Yabancı Bakıcıyla Çocuğum İngilizce Edinebilir mi?

 

Herkese tekrar merhaba. İki haftalık eğitim metotları üzerine yazımdan sonra sizden gelen daha güncel sorulara yanıt vermeye çalışacağım. Belki size ilginç gelmedi son iki makalem ama eğitimle ilgili bazı sorularınıza cevap verirken eğitim metotlarına da atıfta bulunmam gerekiyordu her seferinde ve üstünkörü anlatmak da benim gibi mükemmeliyetçi bir insan için hiç tatmin edici olmuyordu. Bu makaleleri yazmamın bir amacı da sizlere ileriki yıllarda da yanıt verirken referans olarak kullanıp daha doyurucu bilgi verebilmek.

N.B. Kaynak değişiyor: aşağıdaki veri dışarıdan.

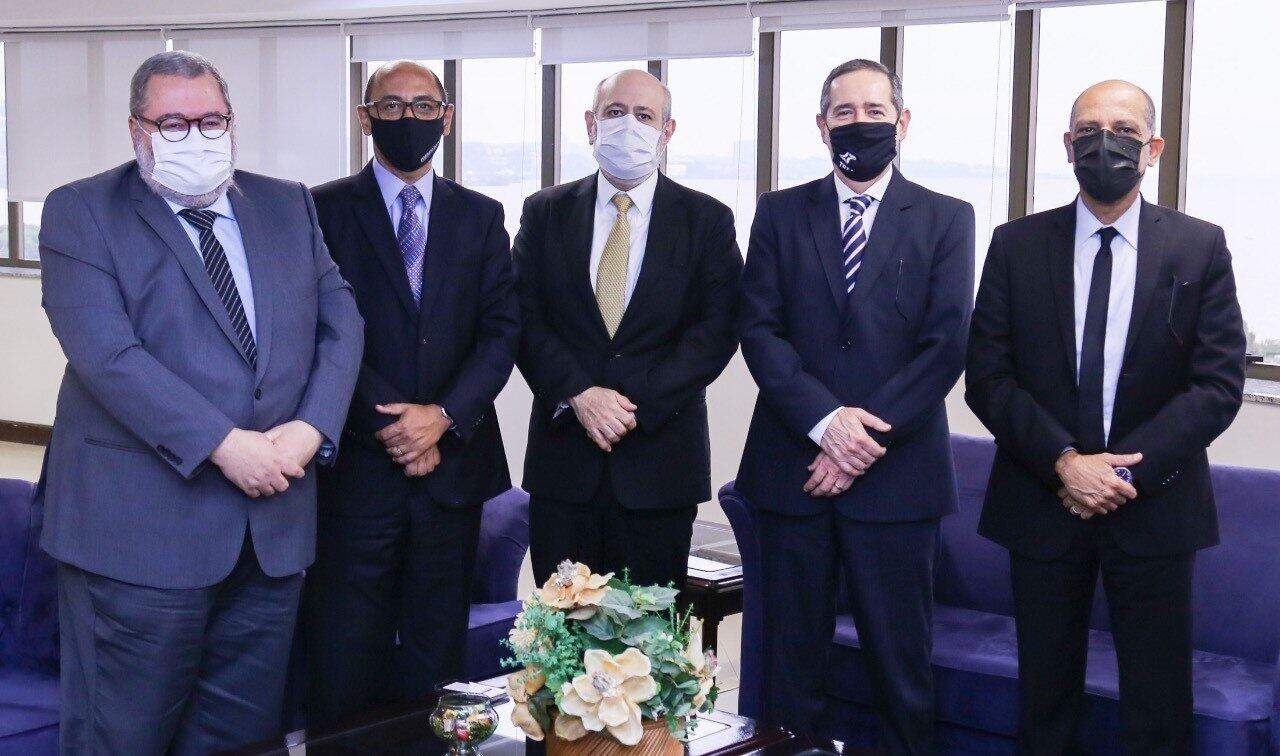 Da esquerda para a direita: Telmo Flor, Sidney Costa, Luiz Cláudio Costa, Ricardo Teixeira do Valle Pereira e Vitor Paulo Araújo dos Santos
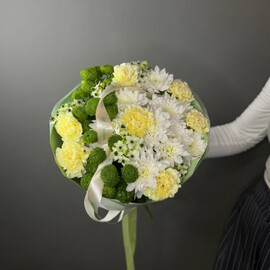 Belo-zelenij buket s kustovoj hrizantemoj i ekzoticheskim ornitogalumom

Evet, uzun bir girizgâhtan sonra artık bu haftanın konusu olan “Yabancı bakıcıyla bebeğim/çocuğum İngilizce edinebilir mi?” sorusuna yanıt aramaya başlayalım.

 

Öncelikle bebeğim ya da çocuğumun ikinci bir dili çok erken dönemde öğrenmesi onun için iyi mi yoksa kötü mü bunu bilmemiz lazım. Tüm araştırmalar göstermektedir ki ikinci dili akranlarından erken öğrenmiş olan çocuklar akranlarına göre daha avantajlılar. Bunun nedeni gelişmiş bilişsel esneklik, yaratıcılık, eleştirel düşünme ve problem çözme olarak yaşıtlarından bir adım önde olmalarıdır. Zihinsel kapasitelerini daha iyi kullanırlar, kendilerini daha iyi ifade edebildikleri için derslerde ve sosyal hayatta daha başarılı olurlar. Daha az önyargılı olarak büyürler, çeşitliliğe ve farklı kültürlere daha çok açık olurlar. Tek dilli çocuklar her kavram için bir kelime öğrenirken iki dilli olarak büyütülen çocuklar bunun iki katı kelime öğrenirler. Bundan dolayı her iki dilde de konuşmaya başlamaları akranlarından daha geç olabilir, ancak bu onların birden çok dili aynı anda öğrenme kapasitelerinin olmadığı anlamına gelmez. Çocuklar bunu çok doğal bir şey olarak yaparlar. Birden çok dil konuşsalar da kaç dil konuştuklarını bilmezler. Anne-baba farklı anadillere sahipse çocukların her iki dili de iyi bir şekilde öğrenebilmesi için hem annenin hem de babanın çocukla sadece kendi anadilinde iletişim kurmasıdır önemli olan. Bu şekilde anneyi gördüğünde onun dilini babayı gördüğündeyse onun dilini konuşurlar ama iki ayrı dil konuştuklarını bilmezler. Her zaman bahsettiğim ihtiyaç ve motivasyon kelimeleri burada da geçerlidir yani.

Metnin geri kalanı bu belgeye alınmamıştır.